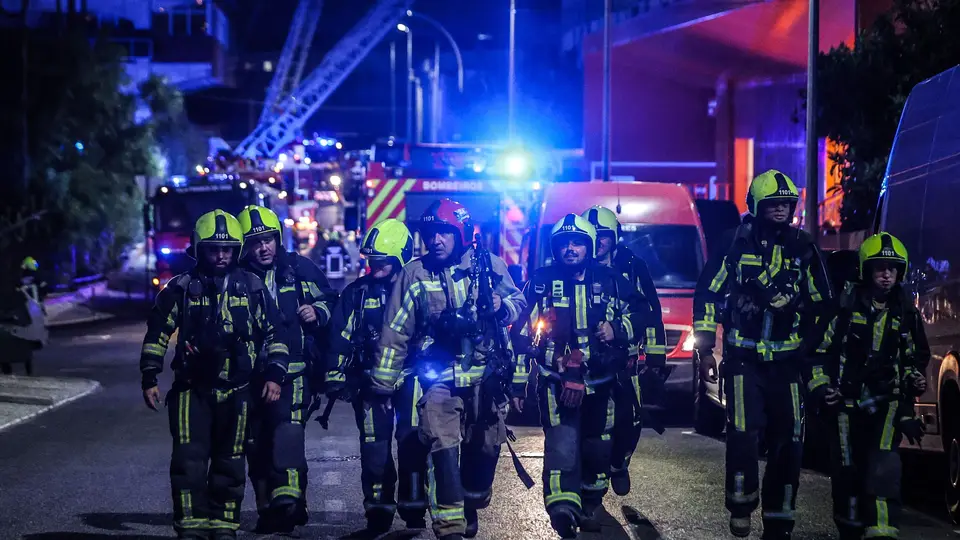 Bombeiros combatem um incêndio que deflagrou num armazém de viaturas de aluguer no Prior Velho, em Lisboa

---

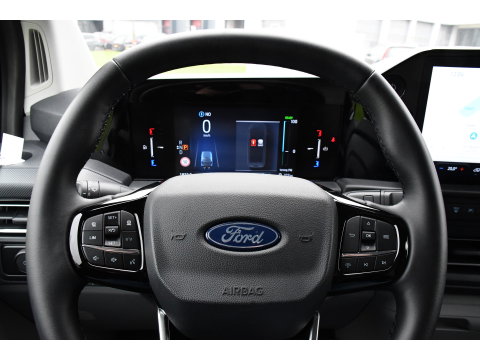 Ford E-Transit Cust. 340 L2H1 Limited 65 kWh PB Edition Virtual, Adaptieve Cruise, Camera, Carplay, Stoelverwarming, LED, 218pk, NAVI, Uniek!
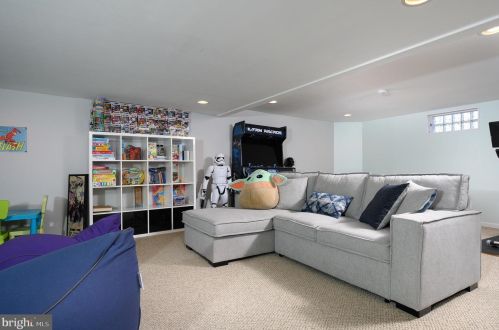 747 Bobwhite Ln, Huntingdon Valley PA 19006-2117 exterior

* * *

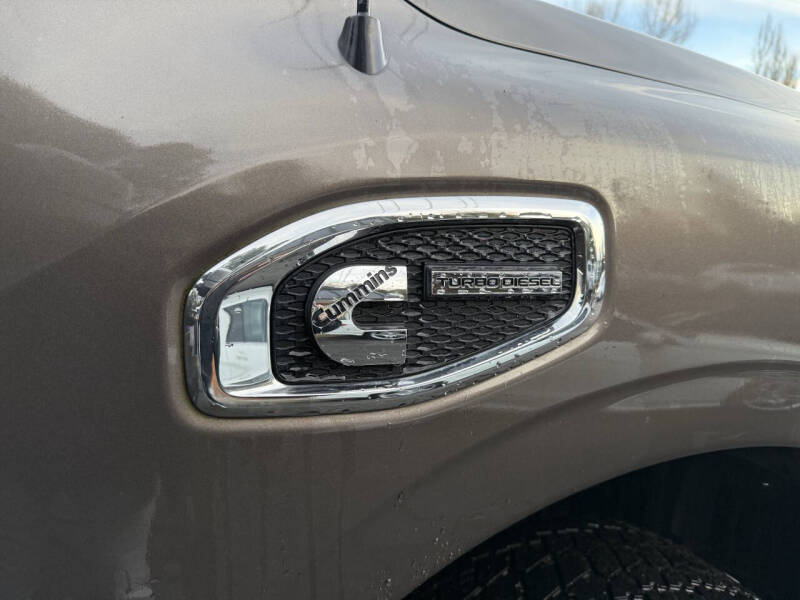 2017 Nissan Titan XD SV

THE TASK: Using the listing above, reproduce word for word every line from the one containing "Ford E-Transit Cust." through the one containing "747 Bobwhite Ln, Huntingdon". Pictures must be left out.

ANSWER TO THIS PROBLEM:
 Ford E-Transit Cust. 340 L2H1 Limited 65 kWh PB Edition Virtual, Adaptieve Cruise, Camera, Carplay, Stoelverwarming, LED, 218pk, NAVI, Uniek!
 747 Bobwhite Ln, Huntingdon Valley PA 19006-2117 exterior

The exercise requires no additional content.